II. LA SANCTUARISATION DES MOYENS DÉDIÉS À L'AIDE ALIMENTAIRE DANS UN CONTEXTE DE PERSISTANCE DE LA PRÉCARITÉ
A. UNE HAUSSE DE L'INSÉCURITÉ ALIMENTAIRE, QUANTITATIVE COMME QUALITATIVE, CES DERNIÈRES ANNÉES
Dans la période récente, on assiste à une forte aggravation de la précarité alimentaire en France. Avec la crise inflationniste en particulier, les associations entendues par les rapporteurs spéciaux avaient notamment indiqué, en plus de la hausse de la fréquentation de leurs dispositifs, avoir remarqué une évolution inquiétante des profils des personnes s'y présentant.
Insécurité alimentaire, lutte contre
la précarité alimentaire
et aide alimentaire
L'insécurité alimentaire est une notion utilisée dans les enquêtes statistiques. Elle renvoie au manque de moyens pour acheter de la nourriture, pour faire des repas équilibrés, pour manger à sa faim, ou encore à l'obligation de sauter des repas ou de manger moins par manque d'argent.
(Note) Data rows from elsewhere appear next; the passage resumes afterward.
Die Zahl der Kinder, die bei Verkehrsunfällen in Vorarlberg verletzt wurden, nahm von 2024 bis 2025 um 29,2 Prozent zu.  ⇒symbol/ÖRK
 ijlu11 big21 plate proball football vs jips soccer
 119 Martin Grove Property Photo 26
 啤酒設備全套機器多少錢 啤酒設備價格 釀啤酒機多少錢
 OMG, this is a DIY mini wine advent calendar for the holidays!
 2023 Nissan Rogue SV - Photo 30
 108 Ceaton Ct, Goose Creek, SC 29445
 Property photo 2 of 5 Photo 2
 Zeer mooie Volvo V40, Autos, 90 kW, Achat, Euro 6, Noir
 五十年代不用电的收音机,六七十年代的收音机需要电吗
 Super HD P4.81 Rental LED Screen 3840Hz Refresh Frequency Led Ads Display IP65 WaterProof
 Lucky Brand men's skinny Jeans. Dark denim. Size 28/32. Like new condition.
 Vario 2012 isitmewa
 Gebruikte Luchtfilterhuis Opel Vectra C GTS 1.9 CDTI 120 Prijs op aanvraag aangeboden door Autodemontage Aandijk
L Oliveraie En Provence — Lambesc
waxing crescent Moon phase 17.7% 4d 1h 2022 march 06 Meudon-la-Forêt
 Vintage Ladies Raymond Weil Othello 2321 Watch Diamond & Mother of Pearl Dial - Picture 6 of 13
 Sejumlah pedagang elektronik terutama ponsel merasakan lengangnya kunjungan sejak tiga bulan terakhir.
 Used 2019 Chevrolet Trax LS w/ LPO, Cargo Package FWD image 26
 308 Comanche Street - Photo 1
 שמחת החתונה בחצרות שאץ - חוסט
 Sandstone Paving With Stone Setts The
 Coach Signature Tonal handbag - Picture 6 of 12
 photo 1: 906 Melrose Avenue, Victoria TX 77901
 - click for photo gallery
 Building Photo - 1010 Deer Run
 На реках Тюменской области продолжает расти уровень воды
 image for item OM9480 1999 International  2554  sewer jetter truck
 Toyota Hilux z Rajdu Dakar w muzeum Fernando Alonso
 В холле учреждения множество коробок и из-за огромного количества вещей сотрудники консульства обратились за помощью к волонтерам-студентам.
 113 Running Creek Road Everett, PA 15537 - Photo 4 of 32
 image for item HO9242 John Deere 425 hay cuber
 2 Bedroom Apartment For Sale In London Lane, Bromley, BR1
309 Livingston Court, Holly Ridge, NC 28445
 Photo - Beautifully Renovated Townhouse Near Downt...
Toutes les personnes en situation d'insécurité alimentaire ne font pas systématiquement appel à l'aide alimentaire.
La lutte contre la précarité alimentaire, au sens de l'article L. 266-1 du code de l'action sociale et des familles, vise à favoriser l'accès à une alimentation sûre, diversifiée, de bonne qualité et en quantité suffisante aux personnes en situation de vulnérabilité économique ou sociale. Elle mobilise l'État et ses établissements publics, les collectivités territoriales, les acteurs économiques, les associations, dans le cadre de leur objet ou projet associatif, ainsi que les centres communaux et intercommunaux d'action sociale, en y associant les personnes concernées. L'aide alimentaire constitue le principal dispositif de lutte contre la précarité alimentaire.
L'aide alimentaire, au sens de l'article L. 266-2 du même code a pour objet la fourniture de denrées alimentaires aux personnes en situation de vulnérabilité économique ou sociale, assortie de la proposition d'un accompagnement. Elle est principalement mise en oeuvre par des associations habilitées ainsi que par les épiceries sociales. Le fonctionnement de ces structures repose sur des moyens privés (dons en nature et numéraires des particuliers et entreprises), des financements publics (aides européennes, dépenses budgétaires de l'État et des collectivités territoriales, dépenses fiscales), et l'action bénévole de leurs membres.
Source : commission des finances du Sénat
Ainsi, l'association nationale des épiceries solidaires (ANDES) a indiqué que le nombre de clients bénéficiaires fréquentant les épiceries solidaires de son réseau était passé de 170 000 personnes en 2019 à 230 000 personnes en 2023 - avec probablement une nouvelle hausse moins marquée en 2024 jusqu'à 250 000 personnes - soit une hausse de 50 % en cinq ans.
Les Restos du Coeur ont également constaté, sur l'exercice 2023-2024, un nombre de 1,3 million de personnes accueillies et 163 millions de repas servis (contre 171 mililions l'année dernière et « seulement » 142 millions il y deux ans) dans leurs réseau. Le constat est le même chez les Banques alimentaires, leur fédération (FFBA) indiquant une hausse de 20 % du recours à l'aide alimentaire depuis 2023, pour près de 2,4 millions de personnes.
Concernant le profil des bénéficiaires, il a fortement évolué entre 2021 et 2023, avec de façon inquiétante une hausse de la part des actifs, y compris de salariés en contrat à durée indéterminée (CDI). Si le profil des bénéficiaires a peu évolué en 2024, la FFBA note tout de même que certaines catégories de bénéficiaires sont particulièrement impactées, notamment les jeunes de 15 à 25 ans (qui représentent 22 % des personnes accueillies, contre 19 % en 2018) et les très jeunes enfants (157 581 enfants de 0 à 3 ans, soit 15 % d'augmentation depuis 2022.
Les associations ont également indiqué constater une hausse de la précarité alimentaire « qualitative », c'est-à-dire des personnes déclarant ne pas manger les produits qu'ils souhaiteraient faute de moyens.
Évolution du sentiment de restriction sur
le budget alimentaire
dans la population générale
Source : commission des finances du Sénat, d'après le rapport du CRÉDOC précité
Cette question, qui rejoint de nombreux enjeux de santé publique (71 % des bénéficiaires de l'aide alimentaire déclarent au moins un problème de santé lié à l'alimentation surpoids, obésité, des problèmes cardiovasculaires, diabète) est désormais de plus en plus traitée par les associations.